[EXTRACTED MATERIAL]

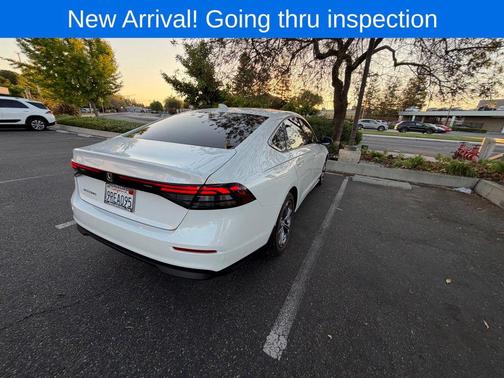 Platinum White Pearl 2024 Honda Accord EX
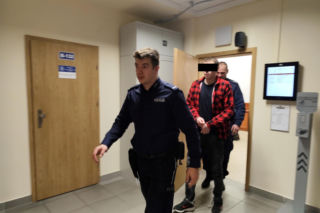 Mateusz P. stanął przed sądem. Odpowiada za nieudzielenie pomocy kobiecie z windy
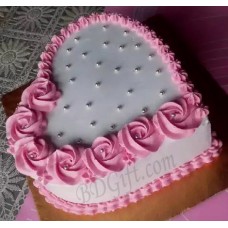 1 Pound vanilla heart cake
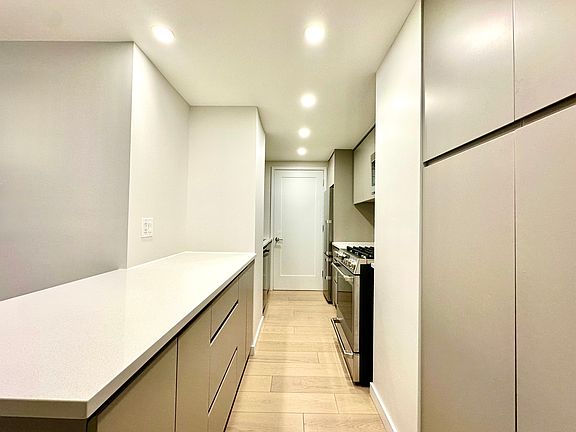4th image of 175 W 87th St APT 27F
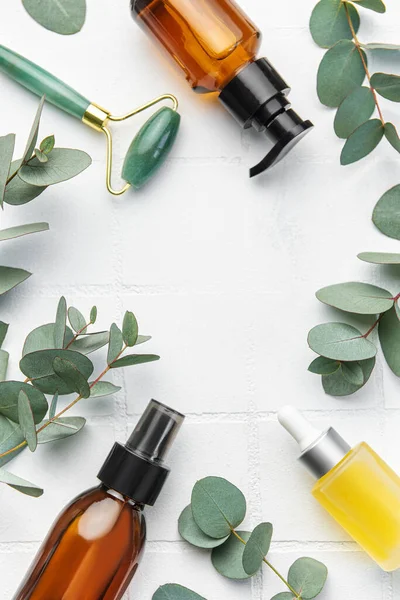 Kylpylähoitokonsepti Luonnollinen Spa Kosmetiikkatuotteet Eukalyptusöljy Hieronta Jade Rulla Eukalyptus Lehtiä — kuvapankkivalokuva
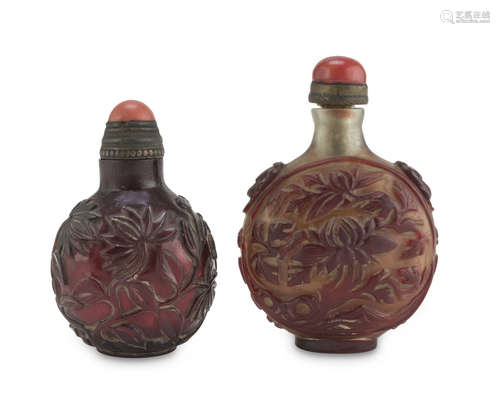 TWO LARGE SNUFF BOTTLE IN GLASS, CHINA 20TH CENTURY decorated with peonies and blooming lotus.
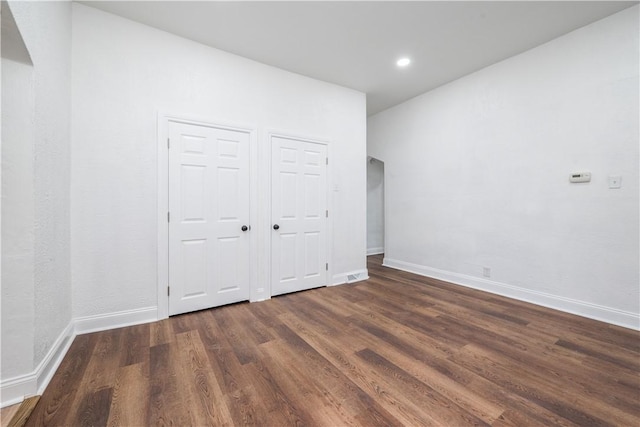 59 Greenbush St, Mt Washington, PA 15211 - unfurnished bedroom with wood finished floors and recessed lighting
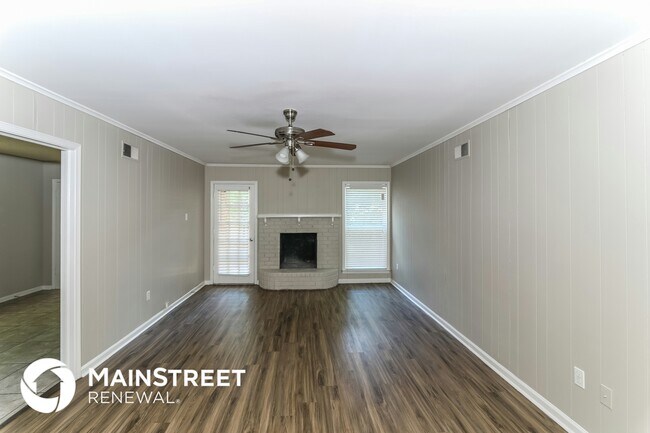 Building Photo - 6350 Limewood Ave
==
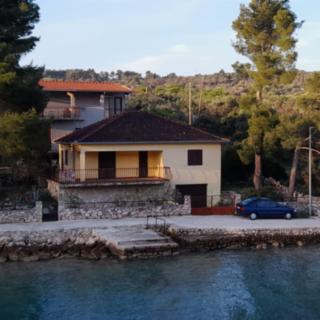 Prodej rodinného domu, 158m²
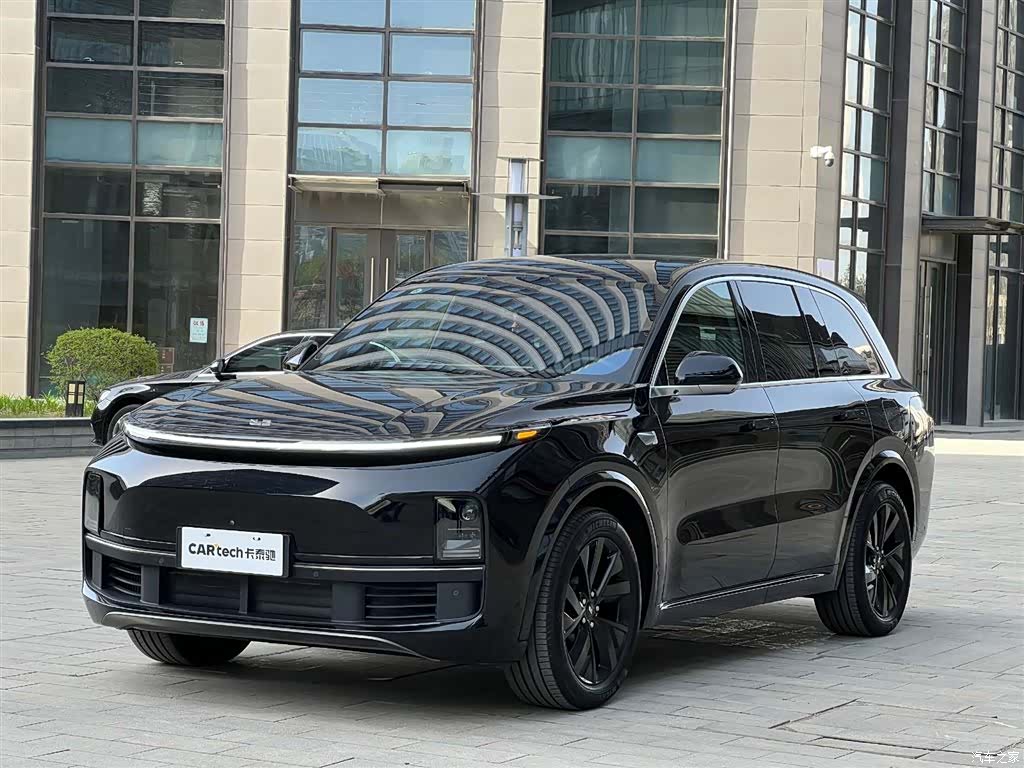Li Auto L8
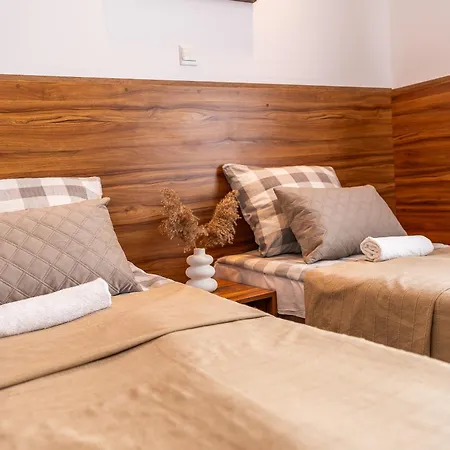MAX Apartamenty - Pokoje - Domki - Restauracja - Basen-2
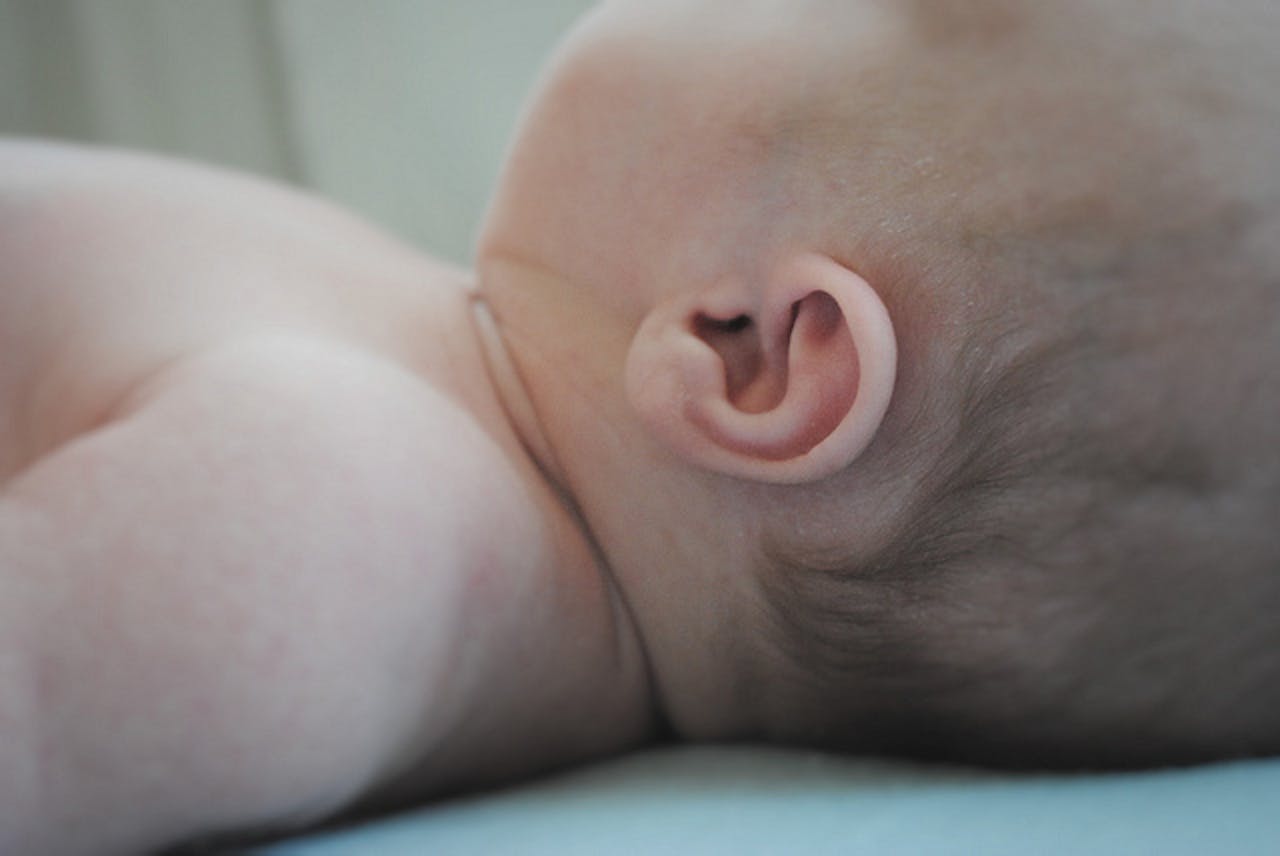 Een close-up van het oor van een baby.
...
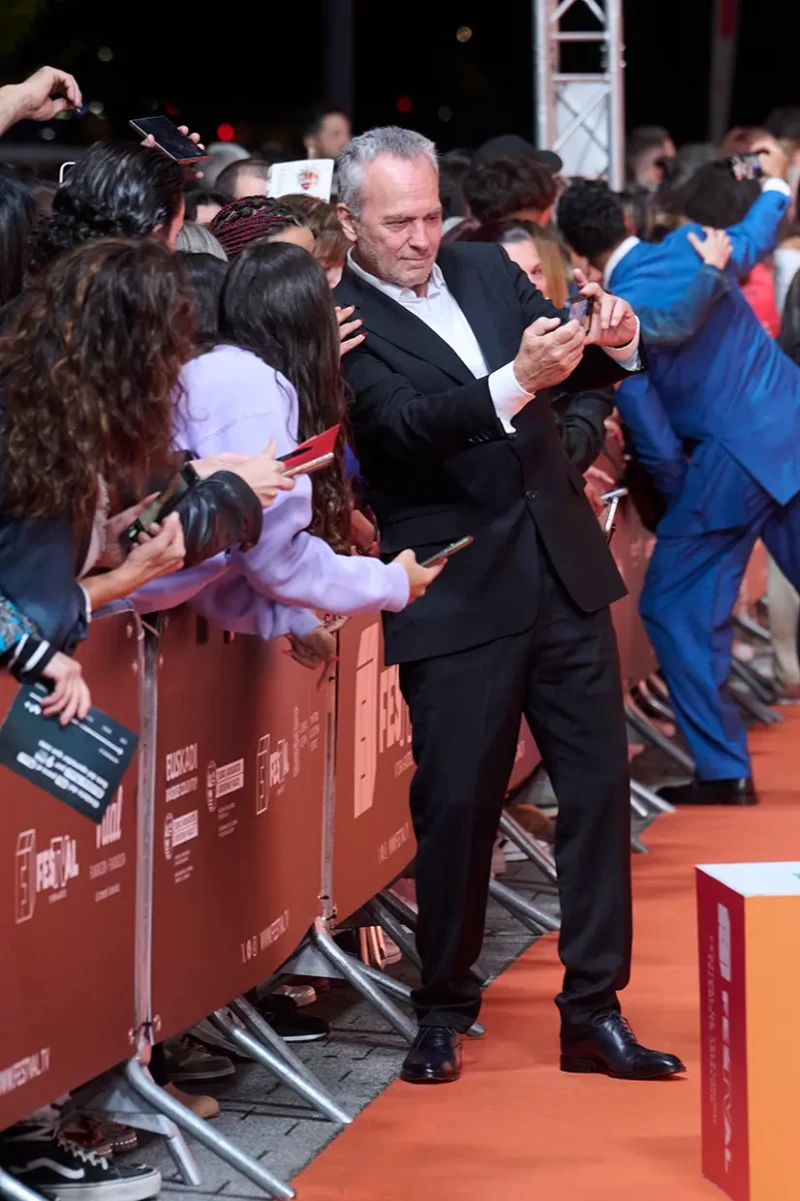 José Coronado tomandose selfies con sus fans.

[WORK ORDER]
Quote word for word only the lines above from the one containing "Kylpylähoitokonsepti Luonnollinen Spa" through the one containing "Building Photo - 6350 Limewood Ave". Pictures stay out of your copy.

[RESULT FOR THIS EXERCISE]
 Kylpylähoitokonsepti Luonnollinen Spa Kosmetiikkatuotteet Eukalyptusöljy Hieronta Jade Rulla Eukalyptus Lehtiä — kuvapankkivalokuva
 TWO LARGE SNUFF BOTTLE IN GLASS, CHINA 20TH CENTURY decorated with peonies and blooming lotus.
 59 Greenbush St, Mt Washington, PA 15211 - unfurnished bedroom with wood finished floors and recessed lighting
 Building Photo - 6350 Limewood Ave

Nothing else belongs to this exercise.